Section: New Results
Embedded Data Management
Participants : Nicolas Anciaux, Saliha Lallali, Philippe Pucheral, Iulian Sandu Popa [correspondent] .
Embedded keyword indexing: In this work, we revisit the traditional problem of information retrieval queries over large collections of files in an embedded context. A file can be any form of document, picture or data stream, associated with a set of terms. A query can be any form of keyword search using a ranking function (e.g., TF-IDF) identifying the top-k most relevant files. The proposed search engine can be used in sensors to search for relevant objects in their surroundings, in cameras to search pictures by using tags, in personal smart dongles to secure the querying of documents and files hosted in an untrusted Cloud, or in a personal cloud securely managed using a tamper resistant smart object.
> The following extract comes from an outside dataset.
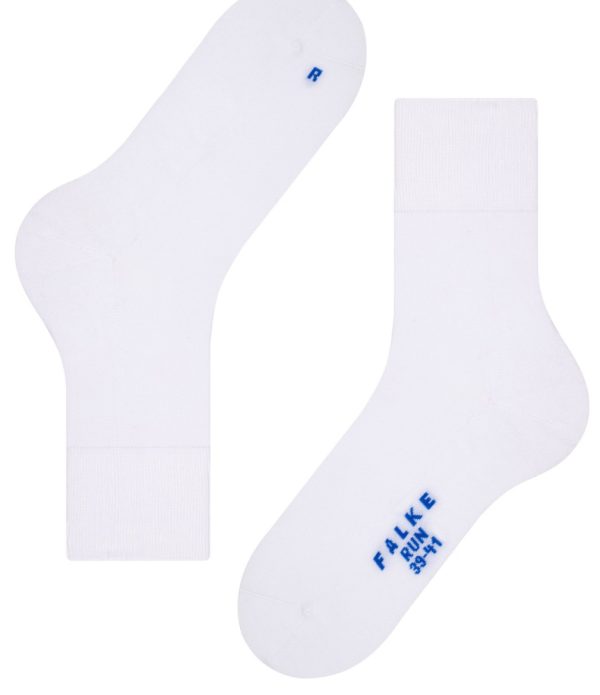 Falke Run Unisex Sok Wit - Afbeelding 4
A search engine is usually based on a (large) inverted index and queries are traditionally evaluated by allocating one container in RAM per document to aggregate its score, making the RAM consumption linear with the size of the document corpus. To tackle this issue, we designed a new form of inverted index which can be accessed in a pure pipeline manner to evaluate search queries without materializing any intermediate result. Successive index partitions are written once in Flash and maintained in the background by timely triggering merge operations while files are inserted or deleted from the index. By combining this new index and the corresponding evaluation techniques, our embedded search engine is capable of reconciling high insert/delete/update rate and query scalability. We have demonstrated the search engine on a secure USB token in the context of a personal cloud, and have conducted in depth performance evaluations on a development board representative for different smart objects characteristics. The experimental results demonstrate the scalability of the approach and its superiority compared to state of the art methods. This work was published at VLDB’15 [21] and demonstrated at SIGMOD’15 [24] . It constitutes the main contribution of the PhD thesis of Saliha Lallali
Spatio-temporal indexing in Flash storage: The convergence of mobile computing, wireless communications and sensors has raised the development of many applications exploiting massive flows of spatio-temporal data such as in location-based services, participatory sensing, or traffic management [15] . Spatio-temporal data indexing is among the most active research topics in this area. Nevertheless, since a few years a new fundamental parameter has made its entry on the database scene: the NAND flash storage. The peculiar characteristics of flash memory require redesigning the existing data storage and indexing techniques that were devised for magnetic hard-disks. TRIFL, proposed in [16] is an efficient and generic TRajectory Index for FLash, designed around the key requirements of both trajectory indexing and flash storage. TRIFL is generic in the sense that it is efficient for both simple flash storage devices such as the SD cards and more powerful devices such as the solid state drives. In addition, TRIFL includes an online self tuning algorithm that allows adapting the index structure to the workload and the technical specifications of the flash storage device to maximize the index performance. Moreover, TRIFL achieves good performance with relatively low memory requirements, making it appropriate for many application scenarios. The experimental evaluation shows that TRIFL outperforms the representative indexing methods on flash disks but also on magnetic disks. This work [15] [16] is part of Dai Hai Ton That’s Ph.D. thesis, co-supervised by Iulian Sandu Popa.